Or si je vous disais que l'une ou l'autre thèse ne peut être prouvée hors de tout doute et que celle de l'héroïsme demeure tout à fait plausible? Dollard et ses compagnons ont bel et bien été mandatés par Maisonneuve pour secourir la colonie; tous ont signé leur testament avant de partir et, comme l'attestent les documents, ont prêté serment de servir la France jusqu'à la mort si nécessaire. Tous les spécialistes conviennent en fait que le procès mené à Dollard et à ses compagnons ne repose sur aucune preuve directe. Le public n'a cependant pas mené un examen plus attentif.

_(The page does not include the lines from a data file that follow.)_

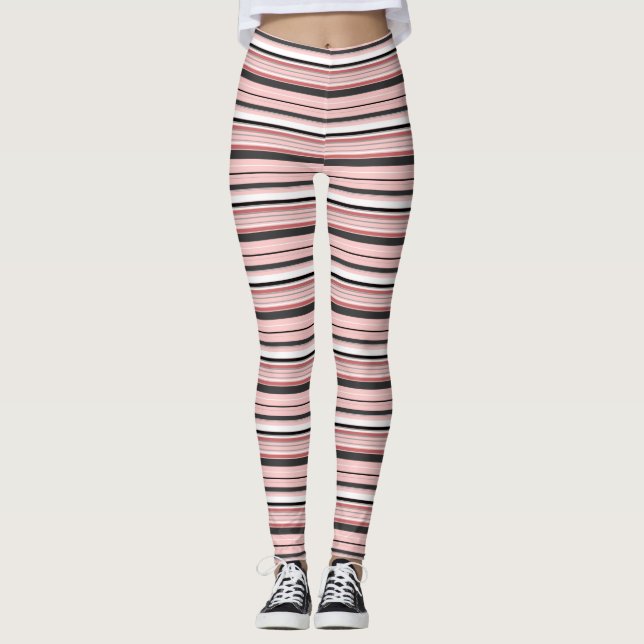 Leggings Bandes roses gris mignonnes (Devant)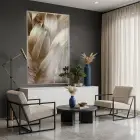 Tüy Desen Sıcak Altın Bej Tekli Gümüş Metal Çerçeveli Cam Tablo Duvar Salon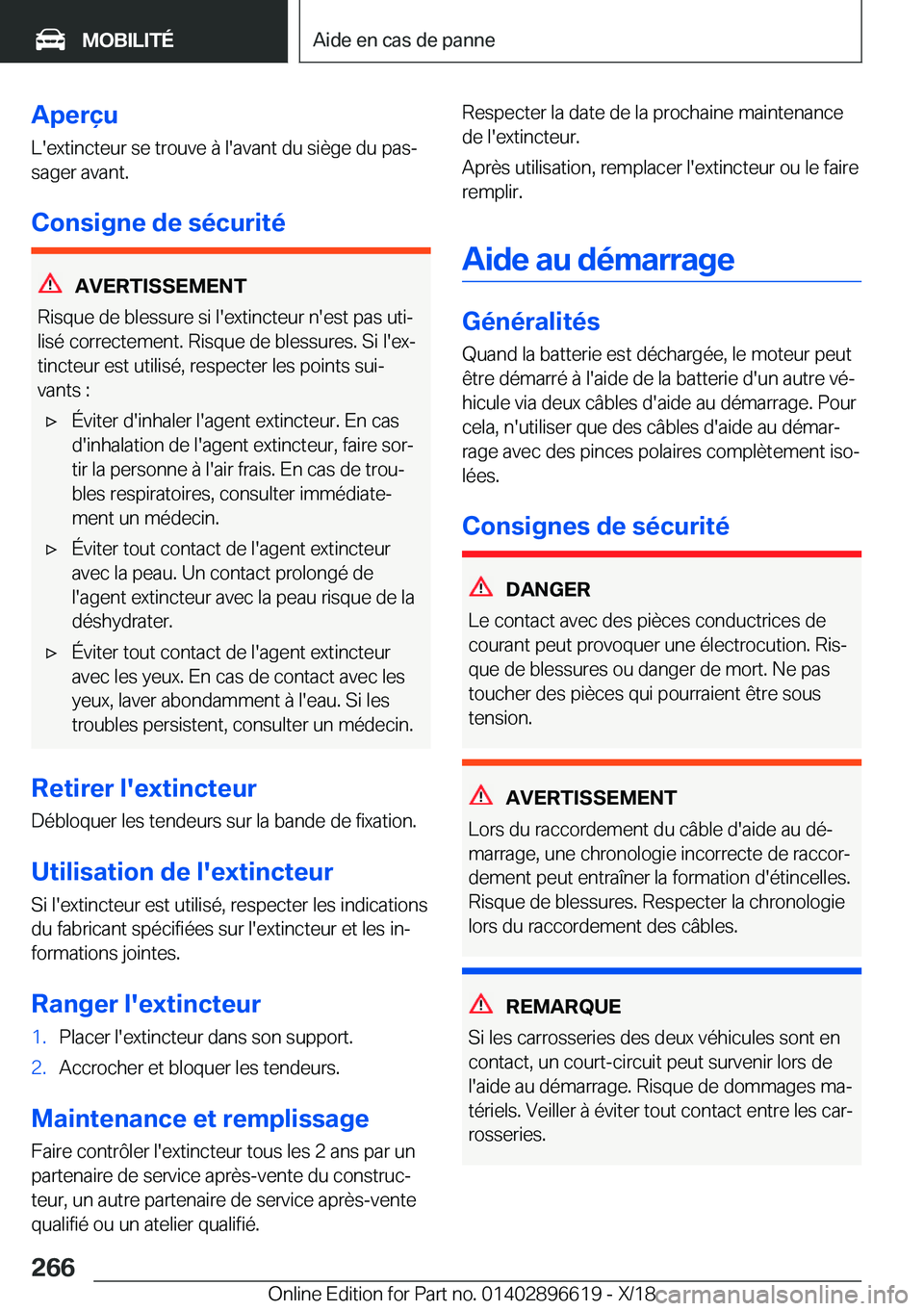 BMW M2 2019  Notices Demploi (in French) �A�p�e�r�ç�u
�L�'�e�x�t�i�n�c�t�e�u�r��s�e��t�r�o�u�v�e��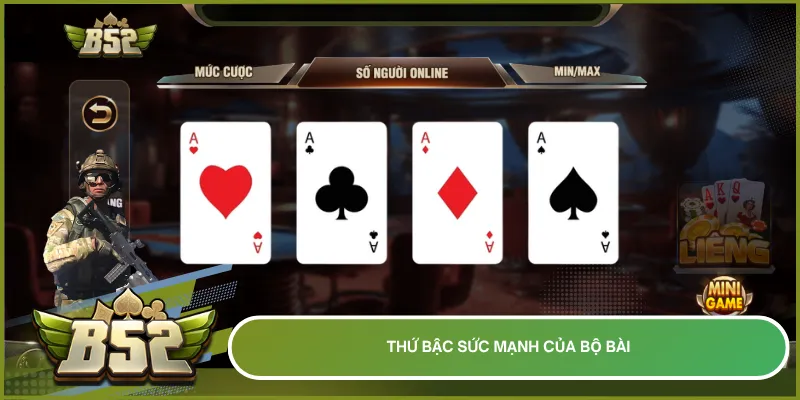 Thứ bậc sức mạnh trong Liêng B52club có các bộ bài đặc biệt quyết định thắng thua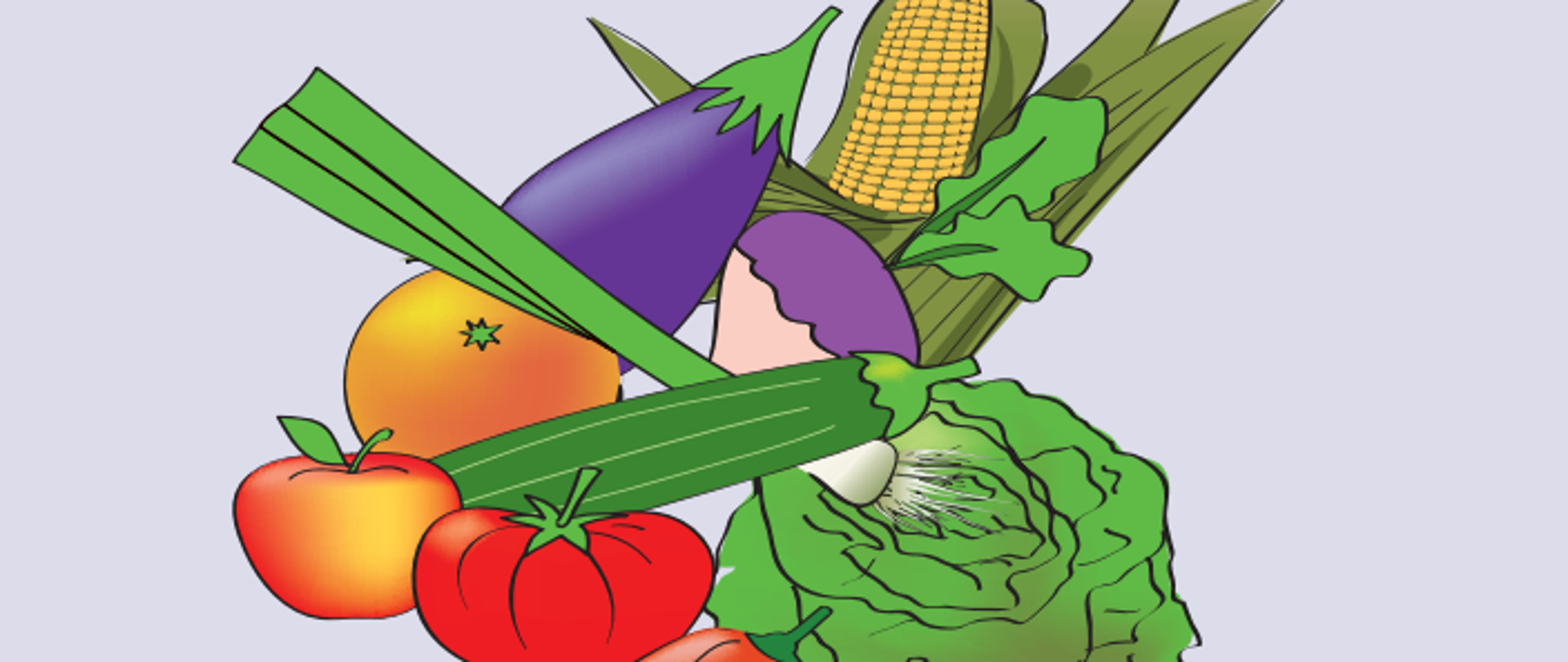 na szarym tle warzywa i napis 5 kroków do bezpieczniejszej uprawy owoców i warzyw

Après avoir été vénérée durant des décennies, la mémoire des martyrs du Long-Sault fut promptement évacuée au point de voir carrément disparaître la fête de Dollard à l'orée du présent siècle.

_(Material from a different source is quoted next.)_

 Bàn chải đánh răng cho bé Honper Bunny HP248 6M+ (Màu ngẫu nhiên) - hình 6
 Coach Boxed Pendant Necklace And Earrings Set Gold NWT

On a les héros qu'on mérite et les Québécois, qui ont une piètre estime d'eux-mêmes, éprouvent sans doute du mal à accorder de la grandeur et de la vertu à de leurs semblables. Le cas est particulièrement évident avec nos hommes et nos femmes politiques qui se sont portés à la défense de nos droits à travers l'histoire. Alors que la France célèbre Clémenceau et de Gaulle, et les États-Unis, Washington et Roosevelt, le Québec a plutôt pour héros des bagarreurs pugnaces, de Louis Cyr à Maurice Richard, des hommes « de peu de mots ». Ceux qui maitrisent la parole ne trouvent aucune grâce à nos yeux, généralement relégués au rang de beaux parleurs.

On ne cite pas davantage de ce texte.